**Task details**
I'd like the data beneath this line reproduced exactly, without any of its images.

**The data**
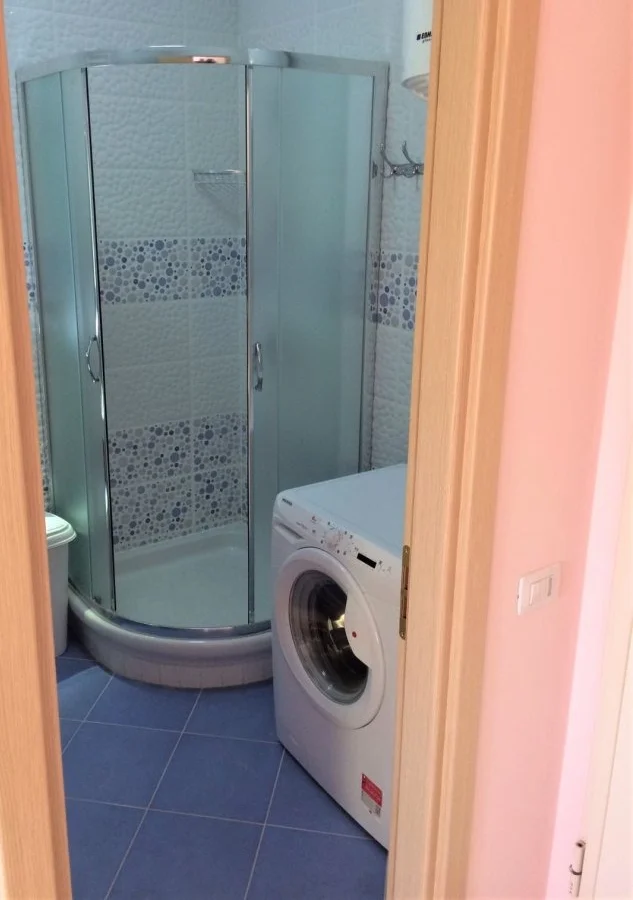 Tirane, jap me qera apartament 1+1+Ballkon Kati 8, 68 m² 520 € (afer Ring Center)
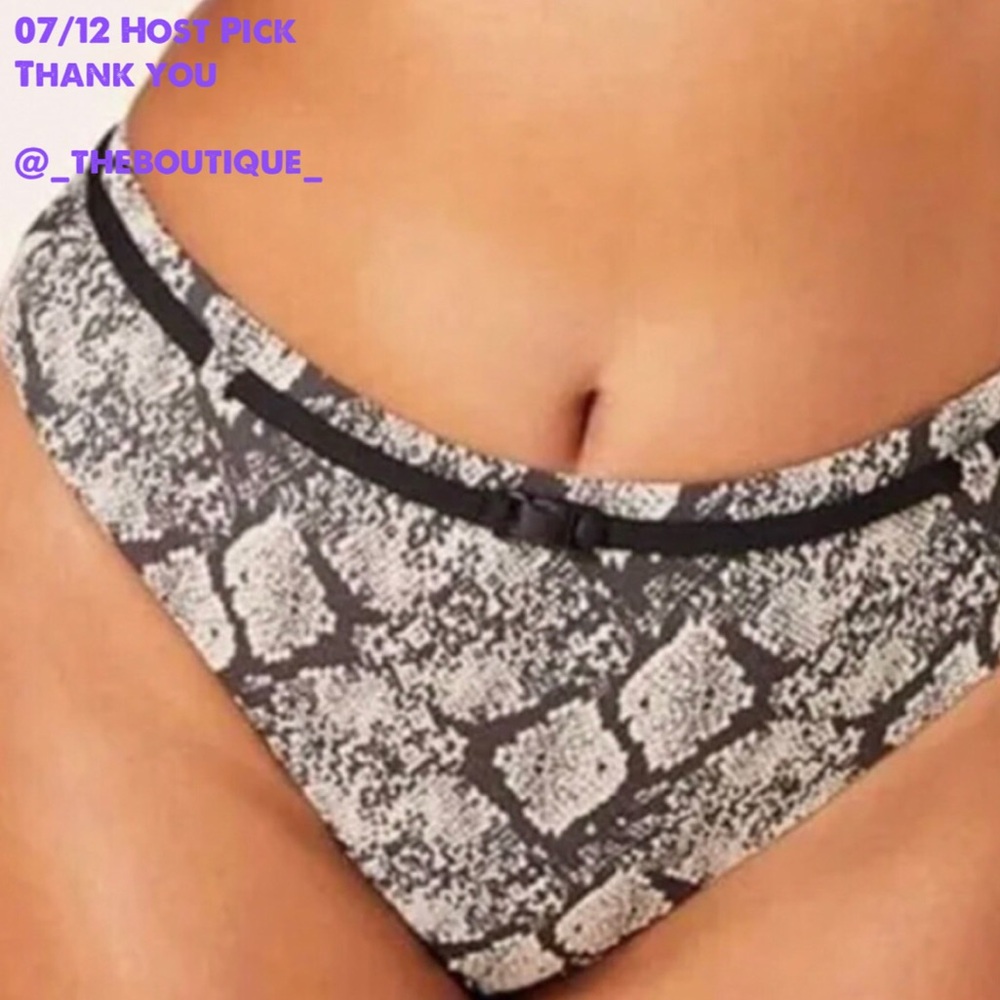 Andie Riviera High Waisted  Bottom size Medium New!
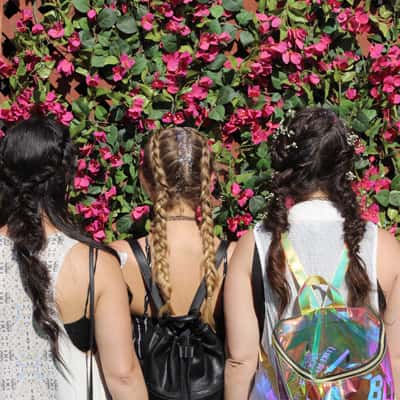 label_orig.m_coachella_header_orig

**Exercise response**
 Tirane, jap me qera apartament 1+1+Ballkon Kati 8, 68 m² 520 € (afer Ring Center)
 Andie Riviera High Waisted  Bottom size Medium New!
 label_orig.m_coachella_header_orig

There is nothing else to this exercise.